Most software GUIs can run on any compute node at CCR through the UB-HPC & Faculty Cluster Desktop app. If your software requires hardware accelerated graphics, you should request a GPU in the desktop session form. All GPU nodes in CCR's clusters are capable of hardware accelerated graphics. However, because the GPU nodes are often in heavy demand, we provide several nodes for those who require GPUs specifically for graphics rendering. To access one of these GPU nodes, select the viz partition and QOS in the desktop session drop down menus. Users are permitted to run one session on the viz partition at a time which is limited to 24 hours of run time. If you require longer run time, please select the general-compute partition.

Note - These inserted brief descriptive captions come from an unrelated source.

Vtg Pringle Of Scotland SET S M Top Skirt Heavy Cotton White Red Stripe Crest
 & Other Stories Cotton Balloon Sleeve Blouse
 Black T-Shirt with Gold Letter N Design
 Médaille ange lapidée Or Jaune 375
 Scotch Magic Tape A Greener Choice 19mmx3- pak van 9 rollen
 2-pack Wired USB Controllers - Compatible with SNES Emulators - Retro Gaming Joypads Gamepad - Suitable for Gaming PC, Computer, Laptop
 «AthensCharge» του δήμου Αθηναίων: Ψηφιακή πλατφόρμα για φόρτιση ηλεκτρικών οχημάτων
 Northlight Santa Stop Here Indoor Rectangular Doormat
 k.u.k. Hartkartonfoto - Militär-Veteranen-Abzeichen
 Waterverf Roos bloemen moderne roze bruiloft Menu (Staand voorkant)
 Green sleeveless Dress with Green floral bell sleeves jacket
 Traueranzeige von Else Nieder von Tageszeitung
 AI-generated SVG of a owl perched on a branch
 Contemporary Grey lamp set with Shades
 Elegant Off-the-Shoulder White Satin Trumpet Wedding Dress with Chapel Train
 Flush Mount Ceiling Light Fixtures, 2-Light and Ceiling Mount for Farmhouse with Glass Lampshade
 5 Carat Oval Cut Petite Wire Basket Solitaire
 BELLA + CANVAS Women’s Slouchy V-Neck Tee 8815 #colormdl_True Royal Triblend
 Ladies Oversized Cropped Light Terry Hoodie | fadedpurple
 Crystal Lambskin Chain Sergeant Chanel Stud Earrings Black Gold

All done? Make sure to delete your job

OnDemand desktops and apps are jobs running on the clusters. When you're done, please make sure to close the app or desktop and then delete the running session under the My interactive sessions menu.

Jupyter Interactive Apps
The only way to run Jupyter Notebooks on the CCR clusters is using the Jupyter Notebook apps provided in OnDemand. For those using the latest CCR software release (ccrsoft/2023.01) there are two Jupyter apps available. These sessions will automatically run on the newest CCR compute nodes (tagged NOTLEGACY).

  • The "Quick Launch Jupyter Lab/Notebook" app allows you to select which Slurm account you want to run this job under, the number of GPUs to request (if any), whether to use Jupyter Lab instead of Jupyter Notebook, and if you'd like to receive emails about your job. You may also list additional modules to load with Jupyter.
  • The "Jupyter Lab/Notebook Advanced Options" app gives you the same options as the Quick Launch app but provides many other options for the user to specify including CPUs, RAM (memory), time for job to run (walltime), and node features.

Loading additional software modules with Jupyter:
The "Extra Modules to Load with Jupyter" box on the Quick Launch and Advanced Options Jupyter/Lab Notebook apps provides a way for users to load additional software modules with Jupyter. Enter the list of all software modules you'd like to load, including any dependencies they have, in order, and with only a space separating them. For example, if we search for the module pytorch using module spider pytorch in the OnDemand terminal app, we will see:

[vortex:~]$ module spider pytorch

----------------------------------------------------------------------------------------------------------------
  pytorch: pytorch/1.13.1-CUDA-11.8.0
----------------------------------------------------------------------------------------------------------------
    Description:
      Tensors and Dynamic neural networks in Python with strong GPU acceleration. PyTorch is a deep learning
      framework that puts Python first.


     Other possible modules matches:
        facenet-pytorch

    You will need to load all module(s) on any one of the lines below before the "pytorch/1.13.1-CUDA-11.8.0" module is available to load.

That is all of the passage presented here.